If you want to remove a method, please add a deprecation notice:

[[deprecated("This method will be removed in version 2.0.0. Use new_method() instead.")]]
void old_method();

Code Formatting

We use clang-format for code formatting. The configuration is defined in .clang-format file.

Format your code before submitting:

clang-format -i src/**/*.{h,cc}

Testing

Running Tests

Run all tests:

ctest --test-dir build --output-on-failure

Run specific test:

ctest --test-dir build -R test_name

Linting

Install the python package pre-commit and run once pre-commit install:

pip install pre-commit
pre-commit install

This will setup a git pre-commit-hook that is executed on each commit and will report the linting problems. To run all hooks on all files use pre-commit run -a.

AI-Assisted Contributions

The Apache Iceberg C++ community has the following policy for AI-assisted PRs:

  • The PR author should understand the core ideas behind the implementation end-to-end, and be able to justify the design and code during review.
  • Calls out unknowns and assumptions. It's okay to not fully understand some bits of AI generated code. You should comment on these cases and point them out to reviewers so that they can use their knowledge of the codebase to clear up any concerns. For example, you might comment "calling this function here seems to work but I'm not familiar with how it works internally, I wonder if there's a race condition if it is called concurrently".

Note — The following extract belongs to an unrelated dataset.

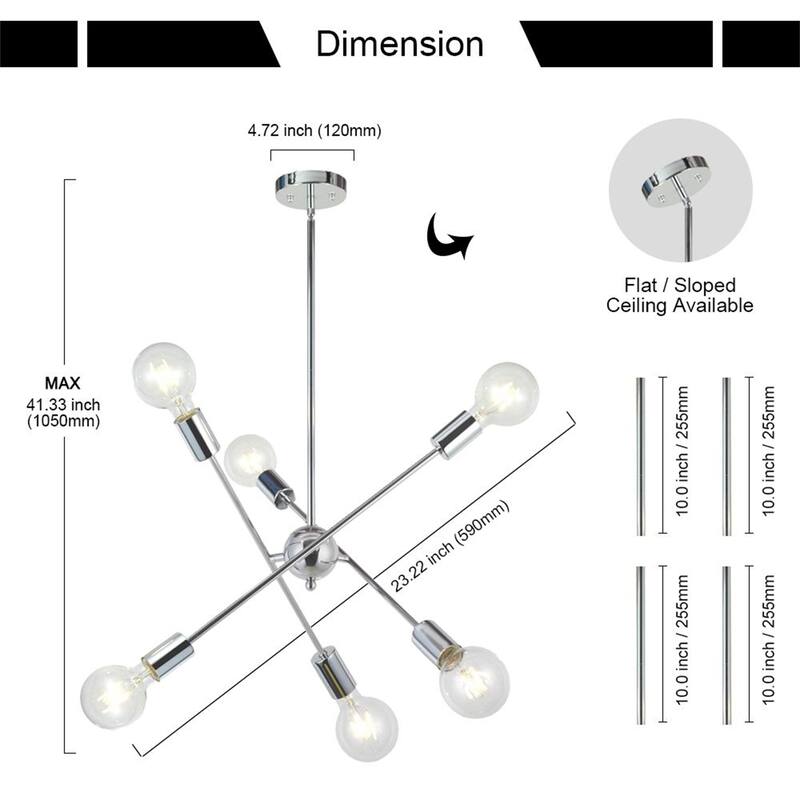 6-Light Mid-Century Sputnik Chandelier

Why fully AI-generated PRs without understanding are not helpful

Today, AI tools cannot reliably make complex changes to the codebase on their own, which is why we rely on pull requests and code review.

The purposes of code review are:

  1. Finish the intended task.
  2. Share knowledge between authors and reviewers, as a long-term investment in the project. For this reason, even if someone familiar with the codebase can finish a task quickly, we're still happy to help a new contributor work on it even if it takes longer.

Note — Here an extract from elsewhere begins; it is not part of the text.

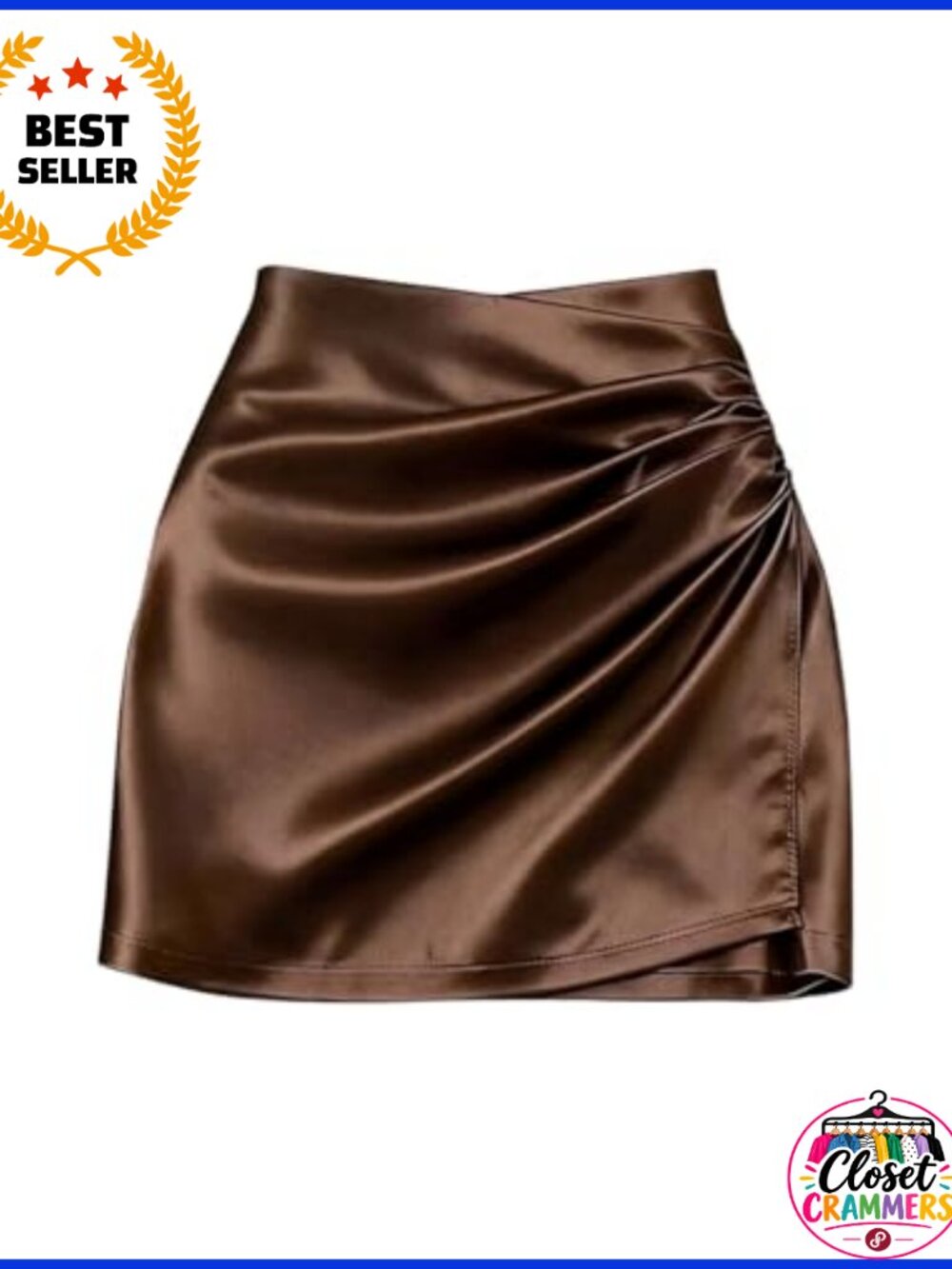 Satin Mini Wrap Skirt Ruched High Waisted Bodycon Silky Party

An AI dump for an issue doesn’t meet these purposes. Maintainers could finish the task faster by using AI directly, and the submitters gain little knowledge if they act only as a pass through AI proxy without understanding.

Please understand the reviewing capacity is very limited for the project, so large PRs which appear to not have the requisite understanding might not get reviewed, and eventually closed or redirected.

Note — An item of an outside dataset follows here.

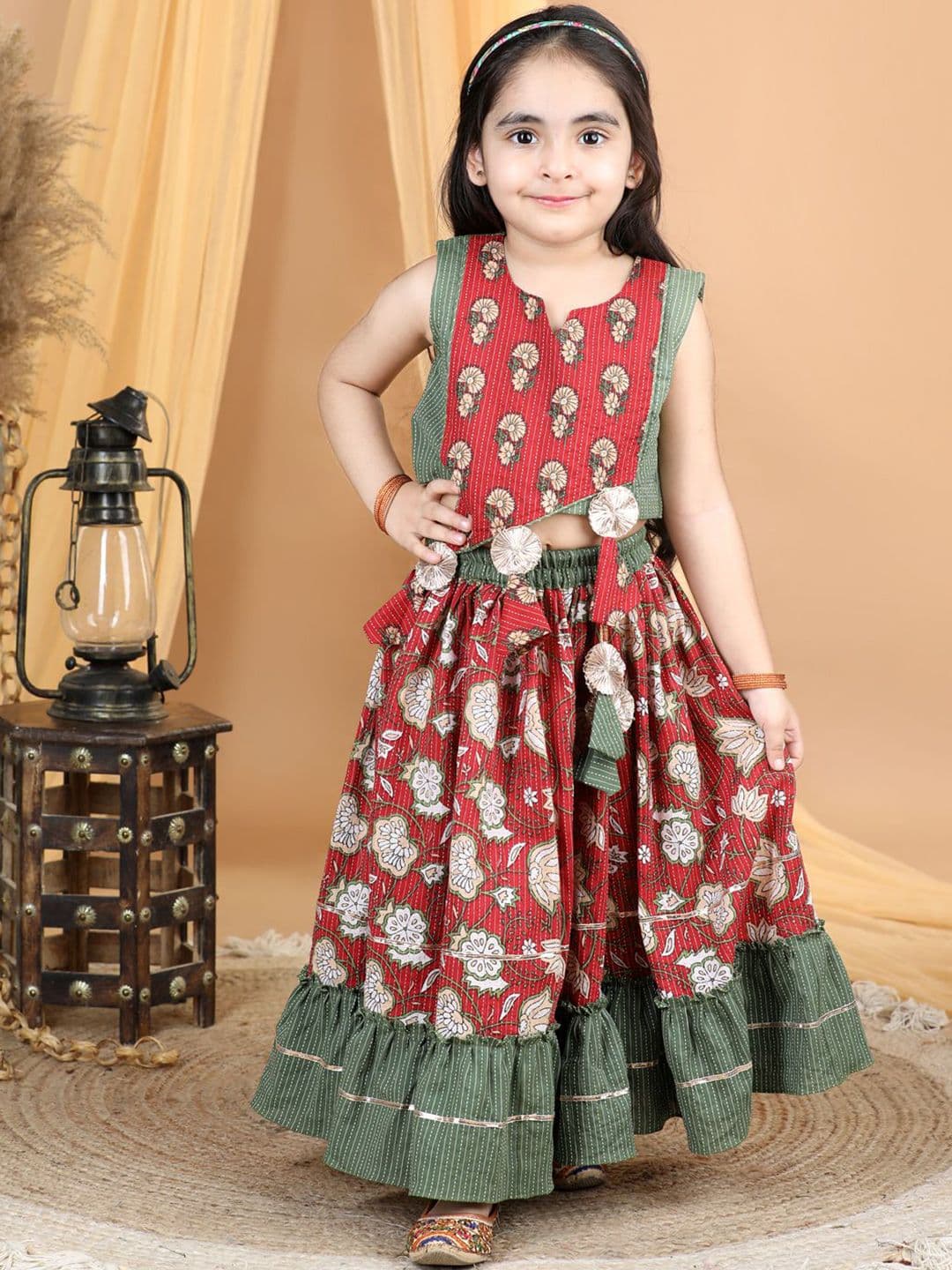 Here&Now X Kinder Kids Girls Printed Ready to Wear Lehenga & - view 1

Better ways to contribute than an “AI dump”

It's recommended to write a high-quality issue with a clear problem statement and a minimal, reproducible example. This can make it easier for others to contribute.

Submitting Changes

Git Workflow

  1. Fork the repository on GitHub
  2. Create a feature branch from main:
    git checkout -b feature/your-feature-name
  3. Make your changes following the coding standards
  4. Add tests for your changes
  5. Run tests to ensure everything passes
  6. Commit your changes with a clear commit message
  7. Push to your fork and create a Pull Request

Commit Message Format

Use clear, descriptive commit messages:

feat: add support for S3 file system
fix: resolve memory leak in table reader
docs: update API documentation
test: add unit tests for schema validation

Pull Request Process

  1. Create a Pull Request with a clear description
  2. Link related issues if applicable
  3. Ensure CI passes - all tests must pass
  4. Request review from maintainers
  5. Address feedback and update the PR as needed
  6. Squash commits if requested by reviewers

Community

The Apache Iceberg community is built on the principles described in the Apache Way and all who engage with the community are expected to be respectful, open, come with the best interests of the community in mind, and abide by the Apache Foundation Code of Conduct.

Getting Help

Good First Issues

New to the project? Check out our good first issues for an easy way to get started.

Release Process

Releases are managed by the Apache Iceberg project maintainers. For information about the release process, please refer to the main Iceberg project documentation.